DATA SHOWN.
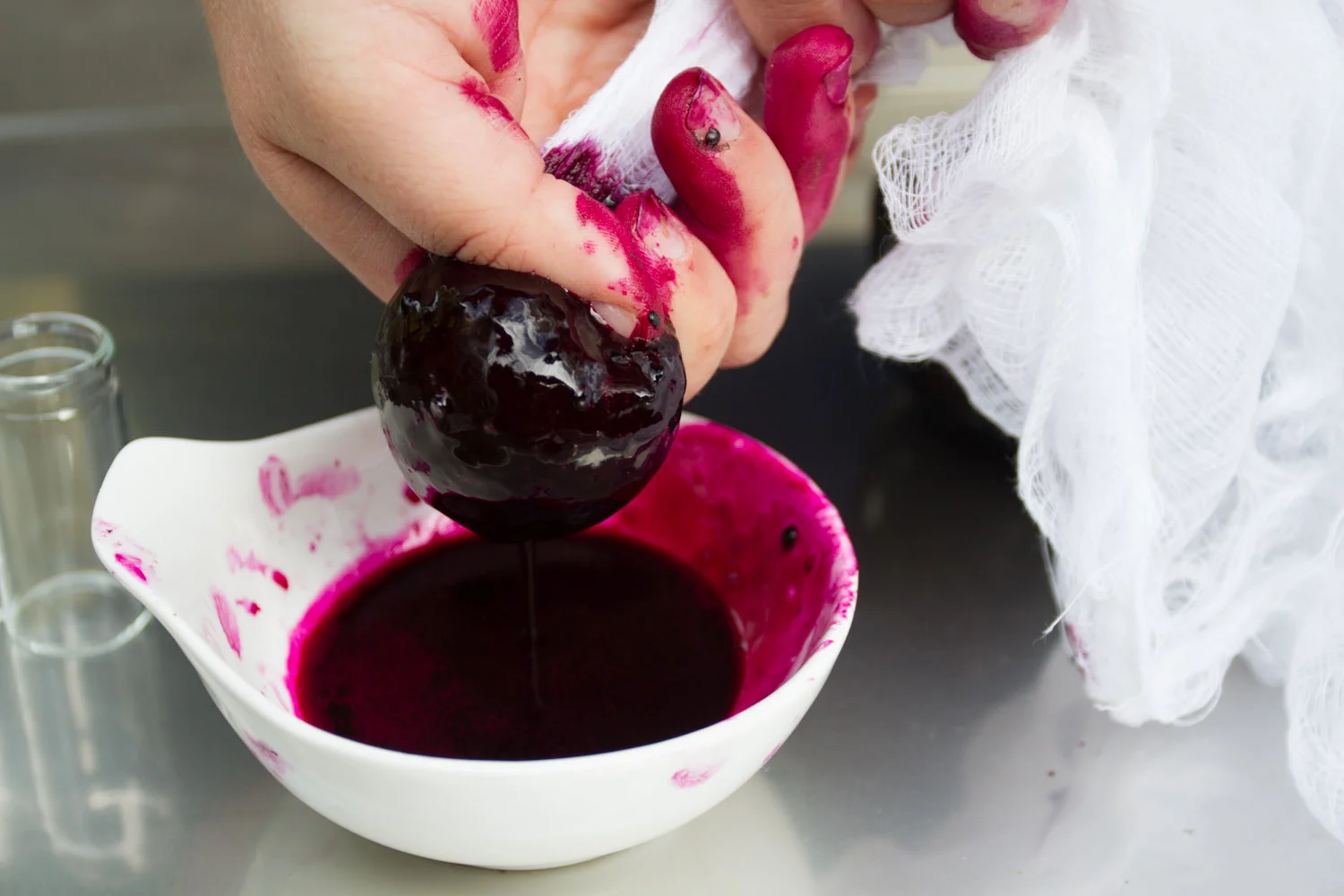 early fall_pokeberries_ink-5548.jpg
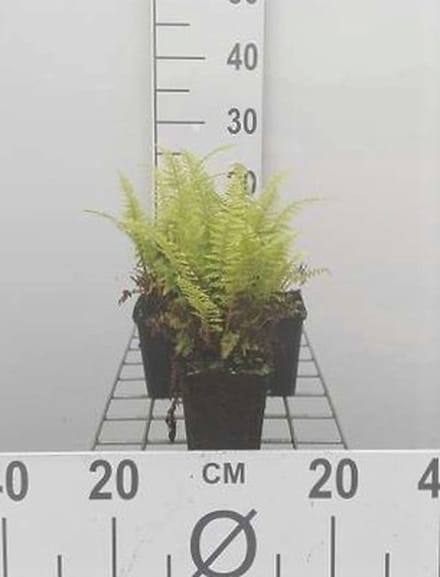 6x Adelaarsvaren - Pteridium aquilinum | 9x9 cm pot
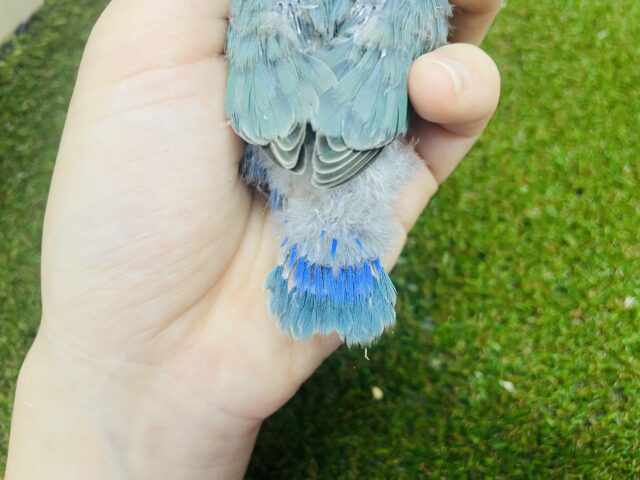 コザクラインコ（小桜インコ）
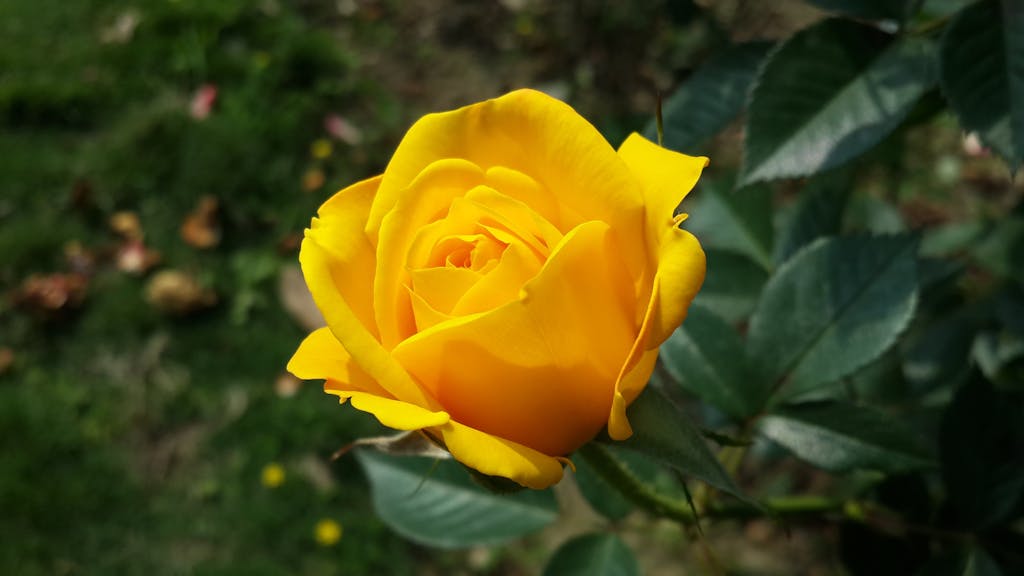 Beautiful close-up of a vibrant yellow rose with lush green leaves, highlighting nature's elegance.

WHAT YOU SHOULD DO.
Since pictures are not part of the copy, set down only the remaining data exactly.

SOLVED EXERCISE.
 early fall_pokeberries_ink-5548.jpg
 6x Adelaarsvaren - Pteridium aquilinum | 9x9 cm pot
 コザクラインコ（小桜インコ）
 Beautiful close-up of a vibrant yellow rose with lush green leaves, highlighting nature's elegance.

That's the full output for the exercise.